I suppose most people are aware of this problem - when running an OpenCL program on multiple NVIDIA GPUs, creating a single context with multiple queues (one queue per device) serializes the execution. The only way I found to get around this is to create multiple contexts, one per device, and one queue/program per context, and run this in multiple parallel threads.
for example, here is an earlier report of the this issue:
I just tested on newer nvidia driver (418.56) with 2x Titan Vs, I still see the same behavior.
In comparison, AMD/Intel’s OpenCL allows concurrent executions on multiple queues under the same context.
I would like to check with this forum and see if there is a solution, as of 2020, to run a single kernel on multiple GPUs concurrently on NVIDIA GPUs without needing to create multiple contexts? there are huge overheads associated with duplicating memory buffers over multiple contexts.
This is strange - I just tried the “OpenCL Simple Multi-GPU” example in nvidia opencl sdk:
it appears that in the sample code, the kernel was executed in parallel on multiple GPUs, even though there is only a single context. But my similarly structured code was serialized for some reason
here is a comparison between the launching + waiting part of the SDK example and my code
does anyone see a major difference that prevents my kernel from running in parallel?

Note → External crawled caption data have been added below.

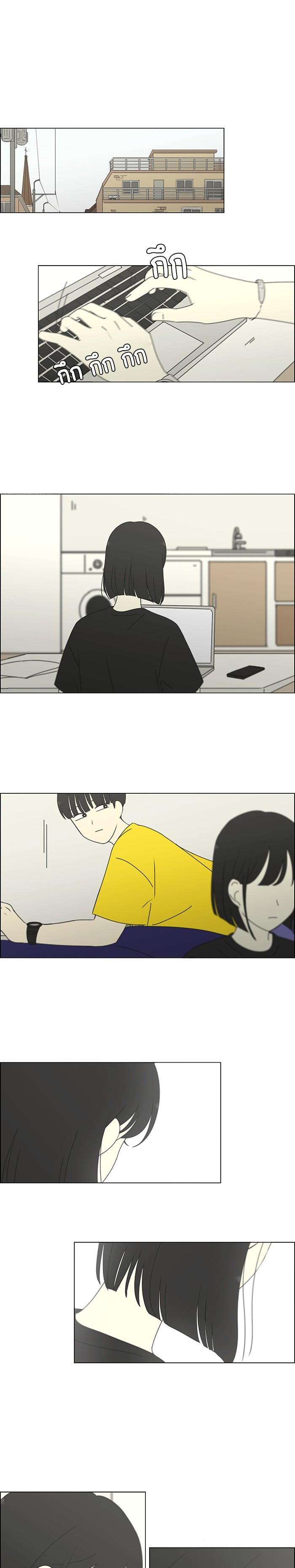 Manga-lc-com อ่านมังงะ อ่านการ์ตูน ออนไลน์ ฟรี Love Revolution รักนี้ต้องปฏิวัติ ตอนที่ 1 2 3 4 5 6 7 8 9 10 11 12 13 14 ฟรี ไม่มีโฆษณา Manga-lc - อ่าน มังงะ อ่าน การ์ตูน ออนไลน์ อ่านมังงะ ฟรี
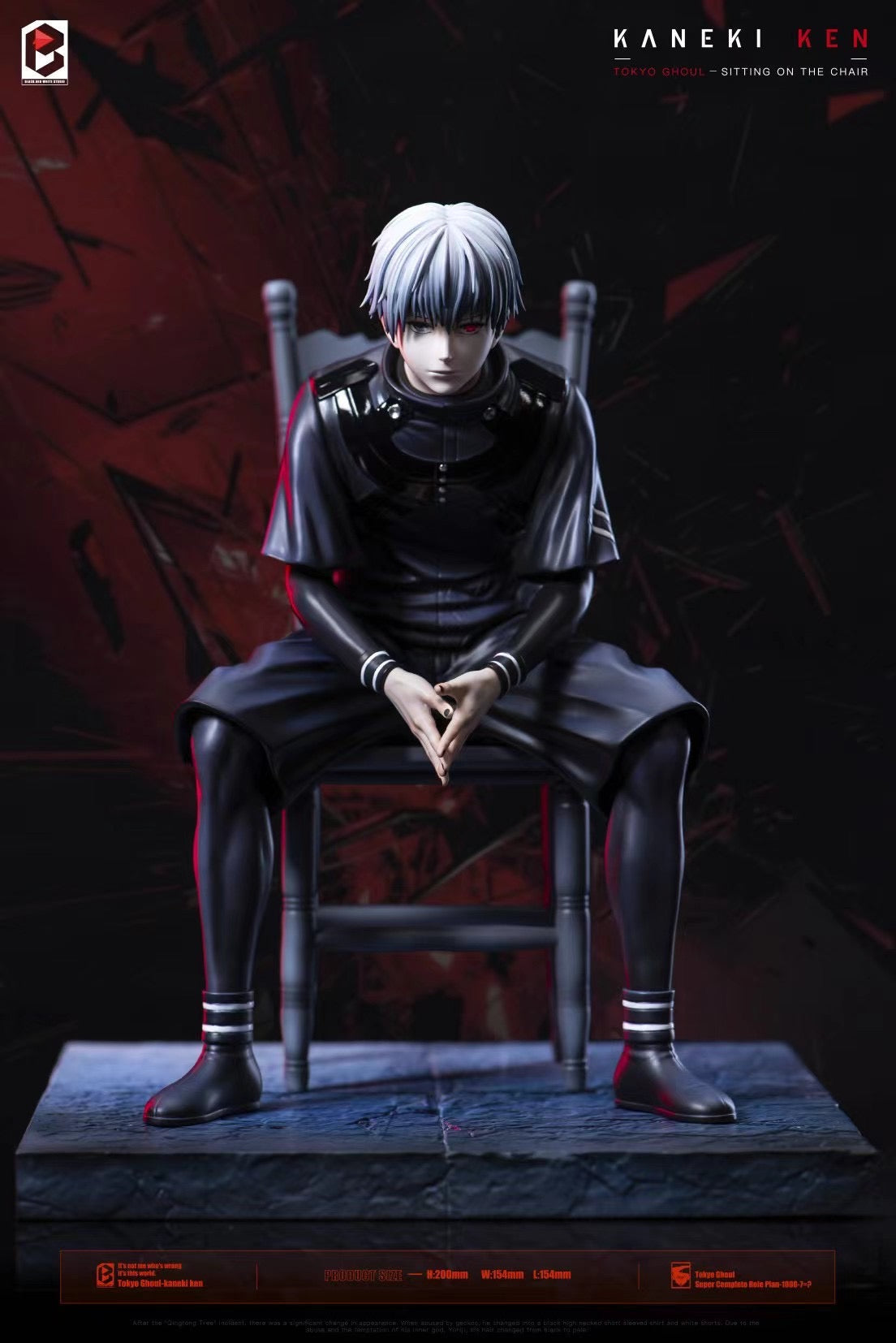 BW Studio - Tokyo Ghoul Ken Kaneki Sitting on the Chair 2.0 | 东京喰种 金木研 椅子2.0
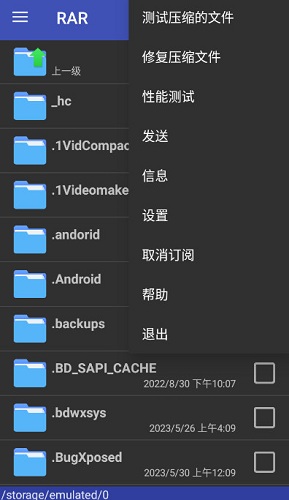 rar手机版纯净版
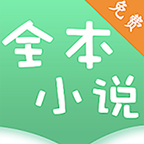 全本小说看书神器 v1.2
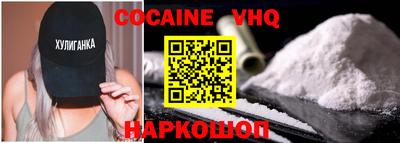 COCAINE Шелехов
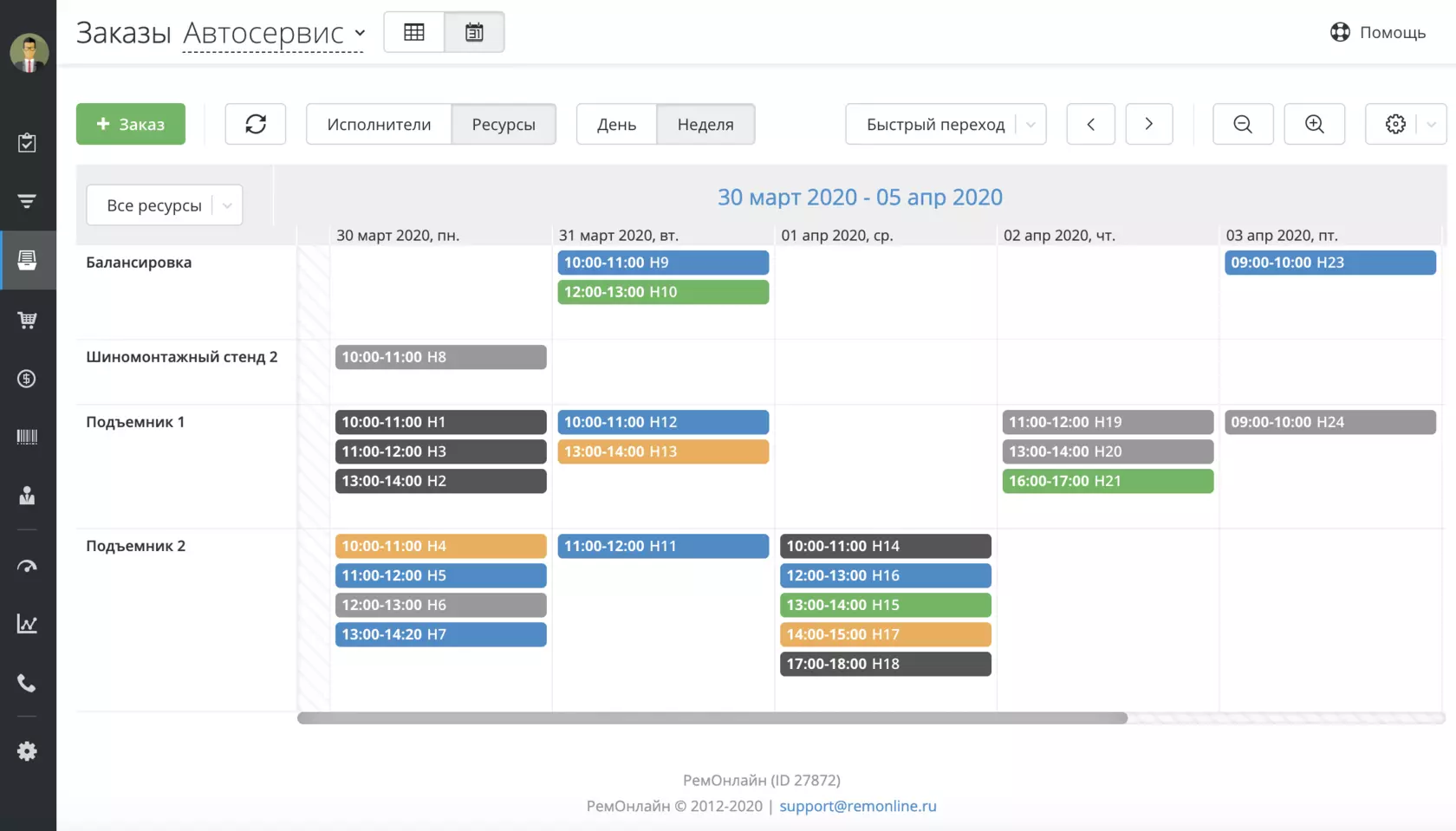 scheduler.webp (41 KB)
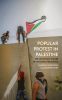 Popular_Protest_in_Palestine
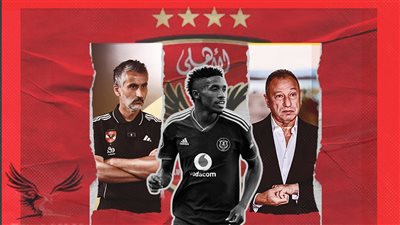 «الصفحة الأولى» تكشف تفاصيل صدام «الخطيب - ريبيرو» في الأهلي بسبب سالينج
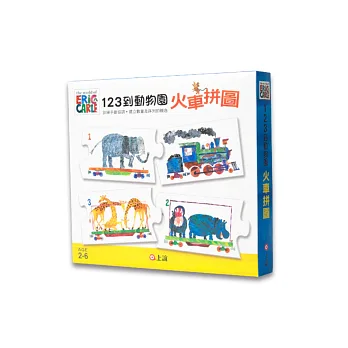 1, 2, 3到動物園:火車拼圖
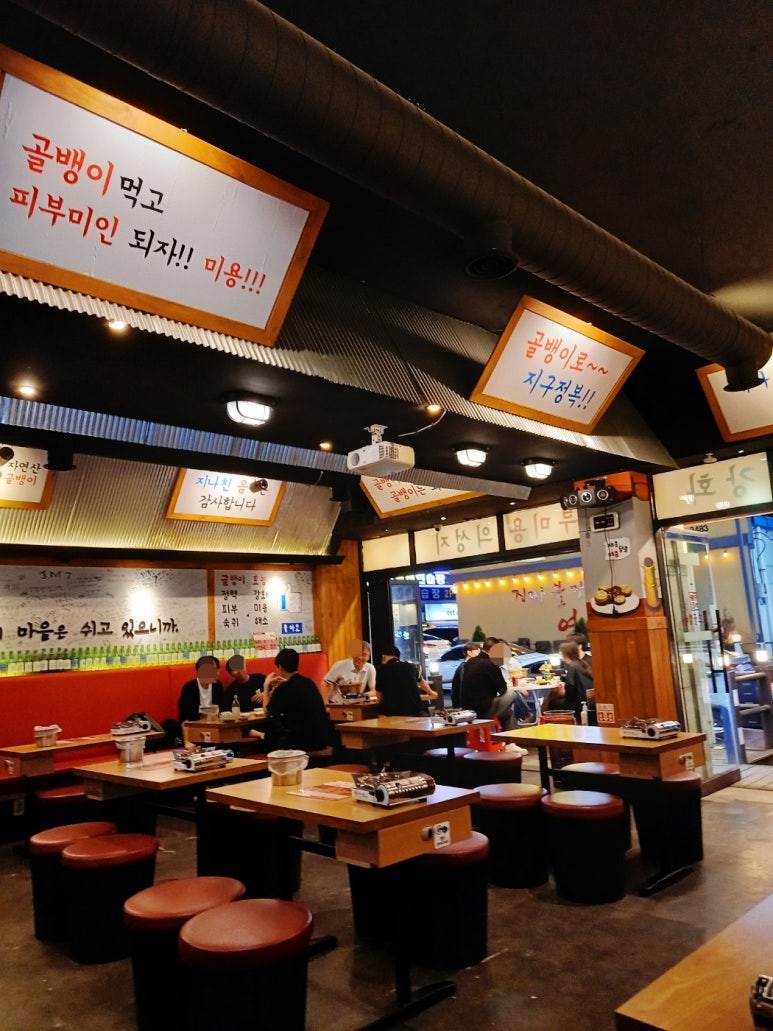 금별맥주 화성병점점 이미지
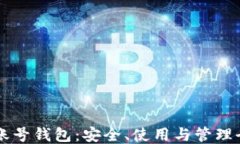 区块链账号钱包：安全、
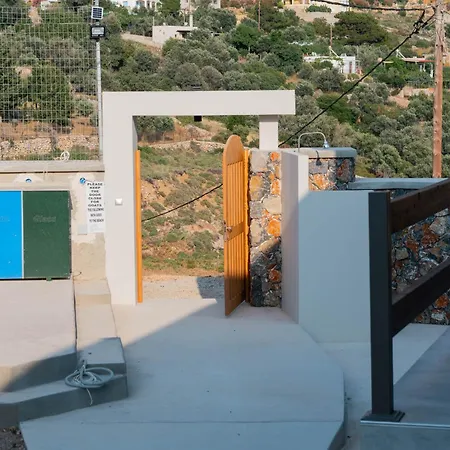 Sunset Dreams Spyros Apartament Skaliá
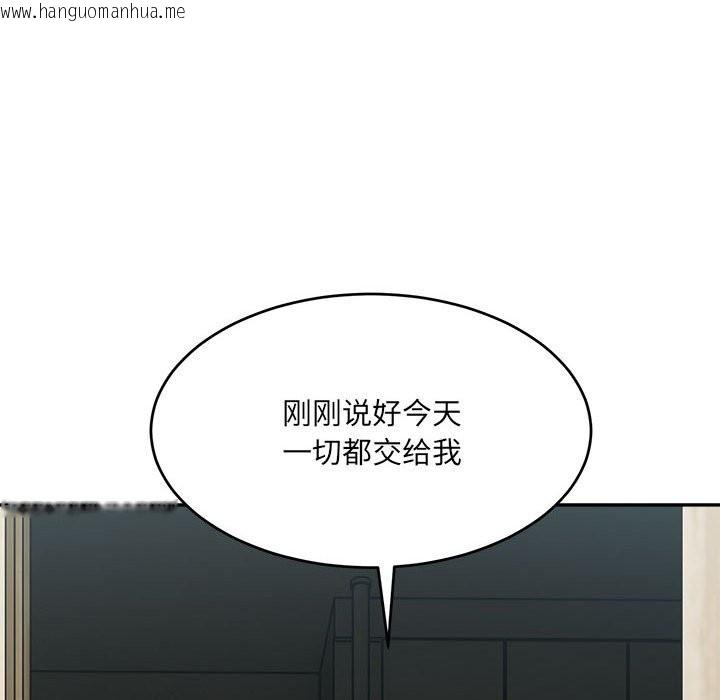 韩国漫画超微妙关系韩漫_超微妙关系-第29话在线免费阅读-韩国漫画-第58张图片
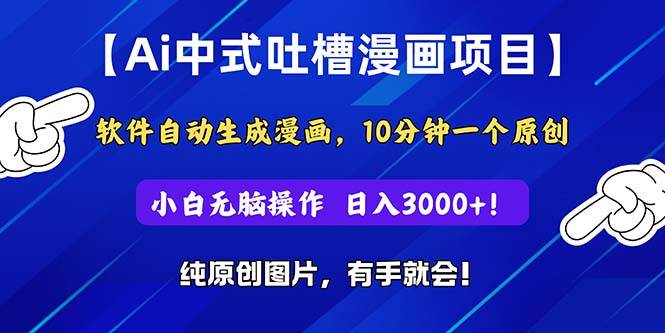 Ai中式吐槽漫画项目，软件自动生成漫画，10分钟一个原创，小白日入3000+-斗金学社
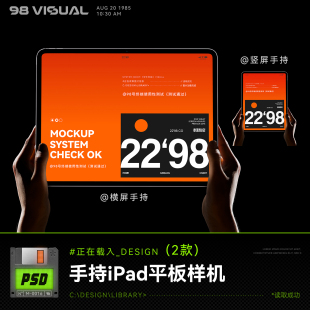 设计素材手持iPad平板横竖屏样机UI界面作品集提案毕设展示PSD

to see the execution is serialized, you can run
git clone https://github.com/fangq/mcxcl.git
cd src
make clean
make
../bin/mcxcl --bench cube60 -G 1 -n 1e7 # running 1e7 photons using 1st GPU
../bin/mcxcl --bench cube60 -G 11 -n 1e7 # running 1e7 photons using 1st+2nd GPUs
on an NVIDIA system with multiple GPUs, the execution time of the last command is the same as the 1st one. I expect it to be 1/2 if the execution is concurrent.
it turns out that the shared RO_MEM buffers had caused the serialization of the kernels! it was not the fault of a single context, as I always thought to be.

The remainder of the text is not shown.